Marlin Gold and Silver Mine

Guatemala
Glamis Gold Ltd.
IFC: US$45 million loan
CPP: $63 million[1]

Marlin, which became operational in 2005, is the first major mining investment in Guatemala in 20 years[2] and is an important test case. In January 2005, the break-up of a 40-day protest by the army resulted in one death.[3] Later that year, indigenous Sipacapan communities affected by the mine overwhelmingly rejected mineral development in a popular referendum.[4] In response to a community complaint, the World Bank’s Compliance Advisor Ombudsman (CAO) investigated the project. While the CAO found that some community concerns, particularly those involving impacts to local water supplies, were unwarranted, the CAO identified some serious shortcomings with project assessment and management. For example, the CAO described the lack of a clear policy on human rights as a “significant oversight” on the part of both Glamis and the IFC.[5]

Gross Rosebel Gold Mine

Suriname
Cambior Inc.
EDC: $100(+) million political risk insurance[1]
CPP: $14 million[2]

The Aucaner (or N’djuka) Maroon community of Nieuw Koffiekamp is located in the heart of the Gross Rosebel mining concession. Relocated in the 1960s to make way for a hydroelectric dam, Nieuw Koffiekamp now faces a second relocation which, according to a human rights expert, “would be tantamount to [its] cultural and social death.”[3] Maroon authorities were not consulted about the project, and groups within the community vociferously oppose relocation.[4]  Suriname lacks legislation that requires mine proponents to undertake environmental impact assessments and is the only country in the Western Hemisphere that does not recognize the rights of indigenous or tribal populations.[5] Critics argue that the country’s draft Mining Act discriminates against these populations and a UN human rights body has called on the Government of Suriname to rectify this problem.[6] 

Cortez Gold Mine

United States of America
Placer Dome (Placer Dome was acquired by Barrick Gold Corp. in 2006)
CPP: $351 million (Barrick)[1]

The Cortez gold mine is located in the ancestral territory of the Western Shoshone indigenous people. The Shoshone argue that the mine, which was constructed without their free, prior and informed consent, violates their treaty rights.[2] In 2006, the United Nations called on the U.S. government to immediately cease the transfer of Shoshone land to multinational extractive companies, a practice that the UN argued could cause irreparable harm to indigenous communities.[3]

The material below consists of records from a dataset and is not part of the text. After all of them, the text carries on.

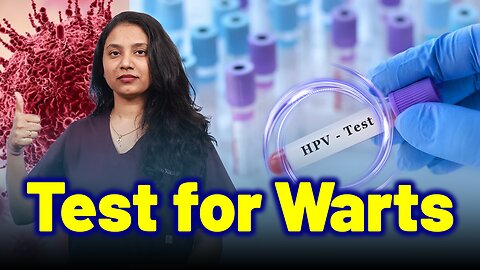 Mandatory Test for Warts | Treatment Cure Relief Medicine | Skin Hair Nail | Homeopathy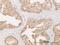 Dicarbonyl And L-Xylulose Reductase antibody, H00051181-M03, Novus Biologicals, Immunohistochemistry frozen image 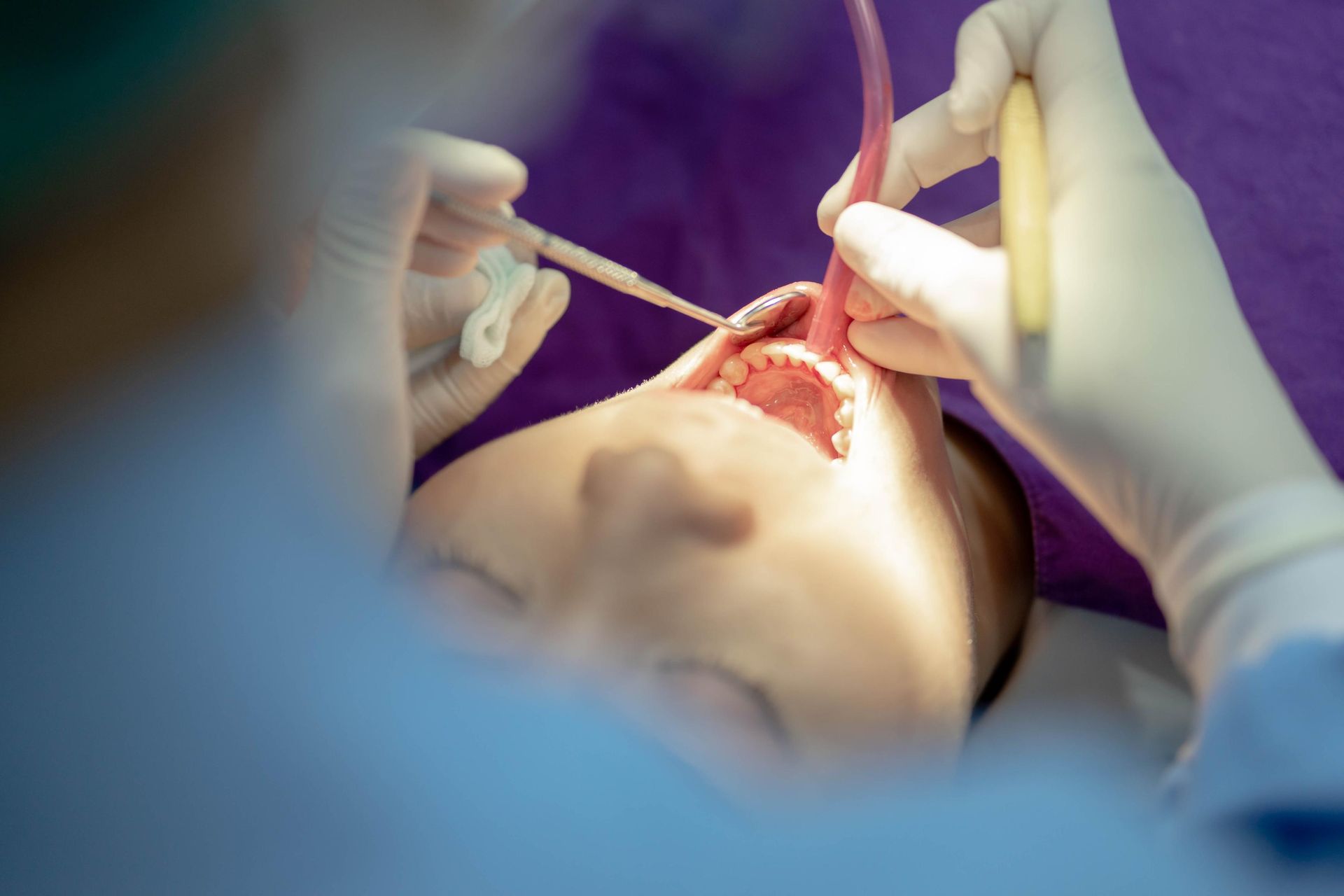 Surgical team performing an oral procedure with gloved hands and tools inside a patient's open mouth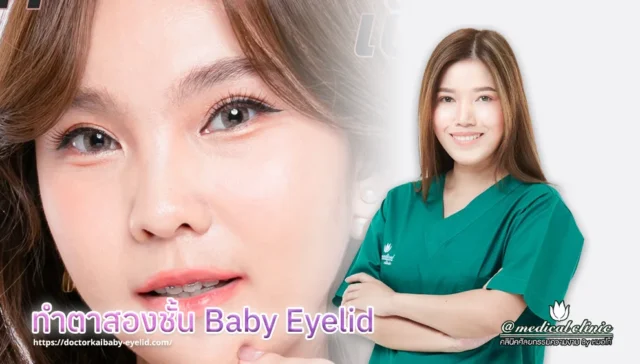 ทำตาสองชั้น Baby Eyelid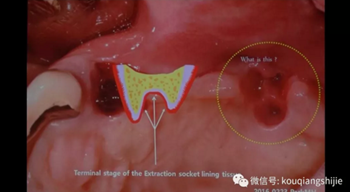 拔牙窩的處理-新思路 拔牙窩的處理-新思路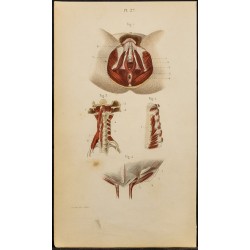 Gravure de 1846 - Muscles parties génitales féminins, sternum, cou - 1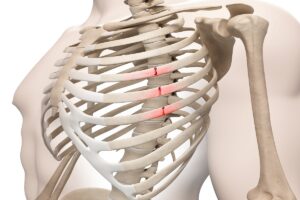 Ribs Fractured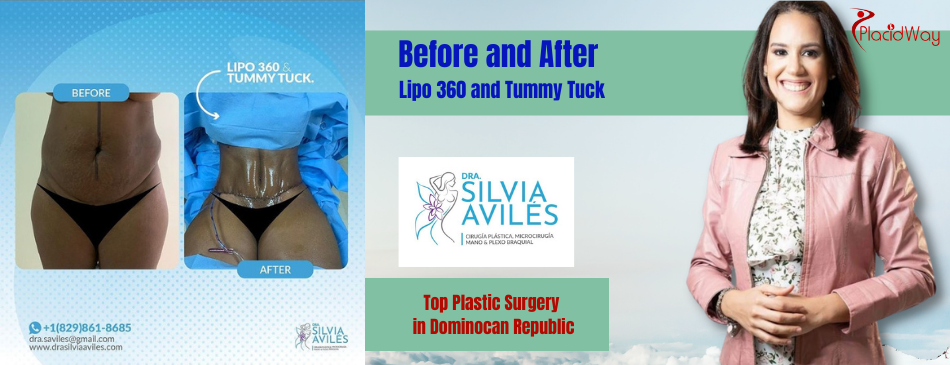 Lipo 360 & Tummy Tuck in Dominican Republic Before & After Images at Dra. Silvia Aviles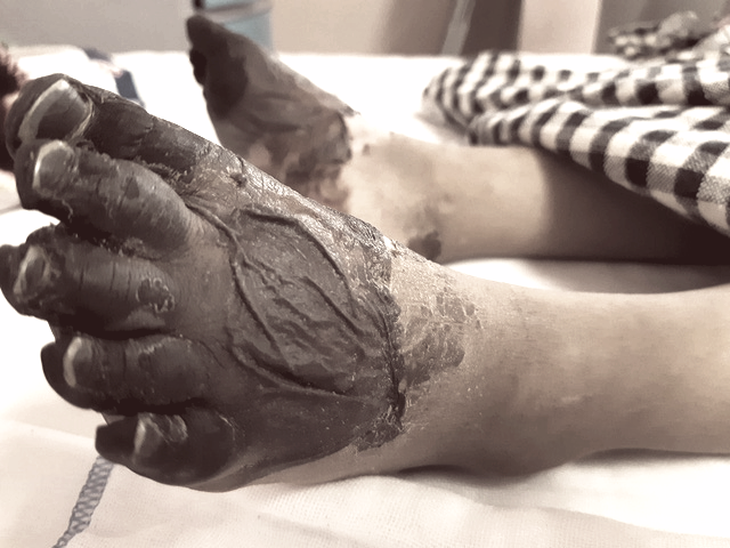 Bé gái 3 tuổi phải cắt cụt hai tay sau nhiễm khuẩn huyết - Ảnh 2.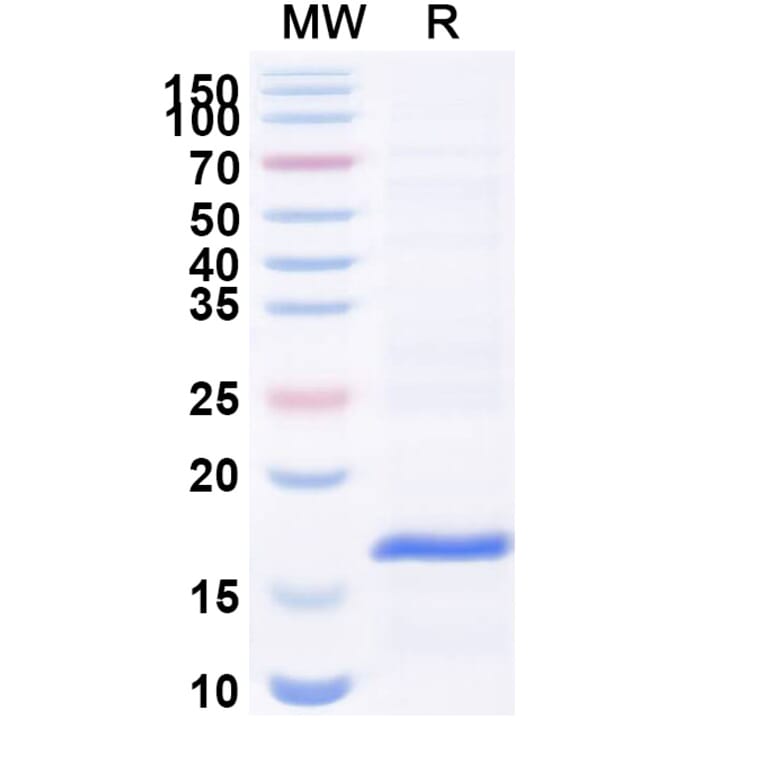 SDS-PAGE - Anti-VWF Nanobody [C37] (A338270) - Antibodies.com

Cerro San Pedro Gold and Silver Mine

Mexico
Metallica Resources Inc.

When Metallica arrived in Cerro de San Pedro in 1995 to build an open pit mine, local residents, human rights organizations and environmental groups formed the Broad Opposition Front (FAO) to halt the operation that they say would destroy their 400-year old town.  The company’s own environmental impact assessment reveals that if built, the mine would require the relocation of the community and would cause “significant adverse” impact to the area’s only aquifer.[1] The latter is of particular concern.  Water is extremely scarce in the State of San Luis Potosi and the National Water Commission of Mexico reports that it is already being exploited at an unsustainable rate.[2]  Local residents, whose property has been adversely affected by Metallica’s exploration activities, have sued the Government of Mexico over its decision to issue the company a permit.[3]